Mr. O. now has refugee status in the UK and is challenging the UK’s role in his particular case of villagisation: Ms. Curling reports that the Ethiopian government currently receives approximately £324 million of aid through the UK Promotion of Basic Services Program, some of which has gone to the villagisation process. UK policy requires action if it is found that violations of human rights have been committed using UK money, and a UK assessment of aid in the Ethiopia villagisation was thusly conducted. The UK has since refused to make public the findings of the assessment or to publish it. Leigh Day has issued proceedings to have the findings made public and to challenge the assessment process. A hearing will be held in March.
The last segment of the discussion involved the rights of indigenous people to ancestral land. The barrister Gordon Bennett, who has extensive experience on such cases in Botswana, spoke on the issue and discussed FPIC– Free, Prior, and Informed Consent.
Mr. Bennett explained that though FPIC is a human rights principle, it is statutory and actionable in very few jurisdictions, and the UK is not one of them. There exists only one international legally-binding instrument on the rights of indigenous people, International Labor Organization Convention No. 169; the UK has refused to ratify* the Convention based on the claim that there are no indigenous people within the UK. Mr. Bennett has proposed the idea of a bill which obligates UK companies to use reasonable measures to ensure that projects are compliant with Convention 169, but this proposition has been rejected. The result is that there currently exists no way for indigenous people to challenge the actions of UK companies using UK law on any basis stronger than tort law, for example, requesting small amounts of compensation for damage to specific properties.
Mr. Bennett made a salient point about how forced eviction for indigenous people is different than for other communities. Although it may be possible to relocate indigenous people, alternative land will never be adequate because of the inextricable link between the people and their particular ancestral land: “There is an extraordinarily intimate connection between tribal communities and their lands,” he highlighted. Often this land contains the graves of ancestors, special sites of worship, and plant and animal life which play a role in the community’s way of life. The land is part of their life, livelihood, and cultural heritage; these lands are priceless. MRG has found this to be the case for the Endorois, the Ogiek and the Maasai, who now struggle to maintain traditional values and links to their ancestors while being denied access to their ancestral land. The loss of such traditions is devastating, as cultural diversity is valuable for progress and development.

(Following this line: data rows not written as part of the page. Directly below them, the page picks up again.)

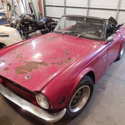 1971 Triumph TR6 Convertible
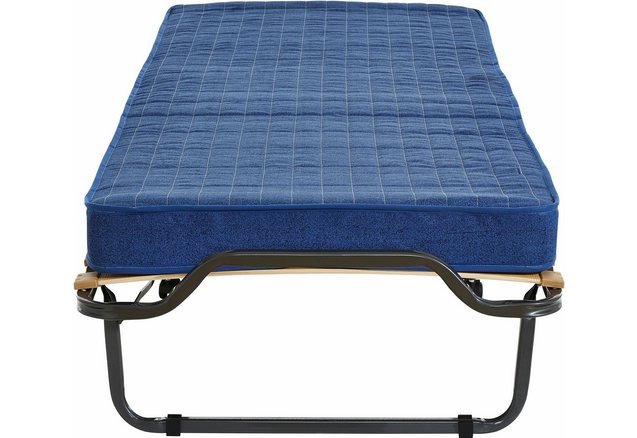Logeerbed incl. beschermhoes Logeerbed incl. beschermhoes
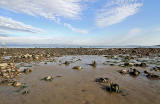 Wardie Bay, from the beach close to Old Chain Pier Bar - September 2011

A running theme through each of the three parts of the discussion was the need for further development of a legal framework that adequately addresses forced eviction. Ms. Abraham highlighted that as the law stands it is not always clear in what circumstances a government may appropriate land for public use. Ms. Curling explained there must be an emphasis on proper investigation by the UK into alleged violations. Mr. Bennett used the analogy of rummaging through a “toolbox” of legal remedies to look for a way to advocate for victims of forced eviction.
This comprehensive evening of discussion provided an excellent overview of the problem of forced eviction and the UK’s role in such land grabbing in Africa, and will hopefully prompt further exploration of proper remedies. Overall the message came through clearly that it is necessary to listen to affected communities and speak with them on their own terms about managing their land.
*As of November 2020, the web page previously linked to here seems to have been permanently removed.
This article reflects the opinion of its author only and does not engage MRG’s responsibility.